くしがきの里は、和歌山県北部のかつらぎ町と大阪府南部の泉大津市を接続する国道480号線の道路改良工事に合わせて建築した道の駅です。本格的なオープンは道路開通に合わせ平成29年3月を予定しています。現在施設内の物産販売施設棟のみ土日祝日の運営となっています。設計者に建物のコンセプトを伺いました。
○敷地を分節する建築と連続する回廊
細長い敷地に合わせシンプルな建物が並び、それを回廊がつなぎます。回廊は雨に濡れずに移動できる機能的な役割だけではなく、建物が分節した敷地に連続感を与えます。その風景は農村のようであり、宿場町のようでもあるけれど、ここにしかない景観です。それは「ありそうで、どこにもない」ここだけの風景です。
○木造を耐候性の高いスキンでカバー
建築は木構造で計画し、木の空間を耐候性の高い金属パネルでカバーする、木の質感と耐候性の両立する建築を目指しました。
○魅力的な木造の表現
構造材として約120m3の桧材を使用し、そのうち約3割はかつらぎ町産を使用しています。
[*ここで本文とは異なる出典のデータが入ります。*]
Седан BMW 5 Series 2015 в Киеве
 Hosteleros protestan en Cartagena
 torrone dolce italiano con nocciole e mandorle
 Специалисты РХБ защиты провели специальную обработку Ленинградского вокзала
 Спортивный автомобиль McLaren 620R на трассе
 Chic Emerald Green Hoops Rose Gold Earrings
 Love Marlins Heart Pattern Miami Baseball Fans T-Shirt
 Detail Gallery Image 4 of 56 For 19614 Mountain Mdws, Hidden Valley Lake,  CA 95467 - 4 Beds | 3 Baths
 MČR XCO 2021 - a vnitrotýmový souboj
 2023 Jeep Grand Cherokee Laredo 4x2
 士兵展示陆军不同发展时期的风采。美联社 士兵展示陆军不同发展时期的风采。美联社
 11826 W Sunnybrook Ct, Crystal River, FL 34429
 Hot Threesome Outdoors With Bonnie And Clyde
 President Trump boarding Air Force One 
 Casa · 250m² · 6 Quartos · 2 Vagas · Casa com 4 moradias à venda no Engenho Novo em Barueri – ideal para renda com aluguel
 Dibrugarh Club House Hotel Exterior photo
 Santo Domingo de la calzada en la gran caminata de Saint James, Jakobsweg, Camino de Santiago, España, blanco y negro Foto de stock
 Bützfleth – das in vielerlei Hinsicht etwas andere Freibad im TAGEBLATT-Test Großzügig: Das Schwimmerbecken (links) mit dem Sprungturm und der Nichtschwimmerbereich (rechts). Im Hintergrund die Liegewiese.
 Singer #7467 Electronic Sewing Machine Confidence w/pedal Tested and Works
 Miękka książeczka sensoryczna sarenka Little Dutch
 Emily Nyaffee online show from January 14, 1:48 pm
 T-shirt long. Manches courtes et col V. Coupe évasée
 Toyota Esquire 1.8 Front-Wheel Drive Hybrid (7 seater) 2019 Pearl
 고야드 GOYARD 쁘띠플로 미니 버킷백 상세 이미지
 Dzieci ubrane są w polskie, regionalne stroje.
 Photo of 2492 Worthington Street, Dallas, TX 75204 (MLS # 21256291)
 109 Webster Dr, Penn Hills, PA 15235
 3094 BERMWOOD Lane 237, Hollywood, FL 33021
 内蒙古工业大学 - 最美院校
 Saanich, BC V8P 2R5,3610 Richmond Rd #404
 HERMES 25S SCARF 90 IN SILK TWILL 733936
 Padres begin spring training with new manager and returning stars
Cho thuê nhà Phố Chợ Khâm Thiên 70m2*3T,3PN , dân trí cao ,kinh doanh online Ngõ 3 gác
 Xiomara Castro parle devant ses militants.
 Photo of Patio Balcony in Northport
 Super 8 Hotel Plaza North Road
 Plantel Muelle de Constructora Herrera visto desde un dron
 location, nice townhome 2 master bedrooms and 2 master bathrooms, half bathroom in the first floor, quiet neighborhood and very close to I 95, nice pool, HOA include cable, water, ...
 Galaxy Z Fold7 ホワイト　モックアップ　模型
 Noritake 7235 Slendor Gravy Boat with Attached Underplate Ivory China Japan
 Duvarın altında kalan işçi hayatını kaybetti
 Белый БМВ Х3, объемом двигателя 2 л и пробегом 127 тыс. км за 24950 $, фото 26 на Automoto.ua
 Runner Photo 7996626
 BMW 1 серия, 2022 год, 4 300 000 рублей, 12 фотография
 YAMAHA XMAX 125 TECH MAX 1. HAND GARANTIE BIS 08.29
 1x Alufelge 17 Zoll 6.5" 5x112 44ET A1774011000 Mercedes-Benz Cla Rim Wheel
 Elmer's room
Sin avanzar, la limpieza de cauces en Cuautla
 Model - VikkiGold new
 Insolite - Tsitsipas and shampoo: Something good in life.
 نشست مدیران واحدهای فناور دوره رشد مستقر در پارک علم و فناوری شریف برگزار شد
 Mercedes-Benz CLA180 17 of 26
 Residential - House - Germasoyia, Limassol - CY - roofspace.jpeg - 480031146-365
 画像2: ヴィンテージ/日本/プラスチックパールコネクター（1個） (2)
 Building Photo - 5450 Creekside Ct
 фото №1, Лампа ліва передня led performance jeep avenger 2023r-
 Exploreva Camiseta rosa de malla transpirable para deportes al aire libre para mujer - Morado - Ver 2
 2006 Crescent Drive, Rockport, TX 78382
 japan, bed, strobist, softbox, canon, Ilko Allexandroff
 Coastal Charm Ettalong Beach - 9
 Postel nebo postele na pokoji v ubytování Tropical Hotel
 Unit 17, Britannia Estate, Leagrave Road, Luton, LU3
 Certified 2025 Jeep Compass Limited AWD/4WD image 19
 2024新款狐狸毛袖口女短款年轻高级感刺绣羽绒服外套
物産販売施設棟・レストラン棟は、フレキシブルな施設とするため、大スパンの無柱空間とし、架構は集成材を用いず、無垢の流通規格材(柱材:12㎝×12㎝ 梁材:12cm×24cm)を組みあげてつくりました。木の質感を生かしつつ合理的で新しい木組みのイメージを伝えます。
○構造計画
大スパンの無柱空間を実現するために、トラス形式のラーメン構造とし、短手方向は壁量計算ではなく許容応力計算による検討を行いました。
今後公共建築は法的な整備もあり、地元に流通する材でどこまで設計できるかが設計者に求められる技術となることは間違いありません。
道路完成後、くしがきの里が北の和歌山への入口のひとつとして末長く魅力的な施設となることを願います。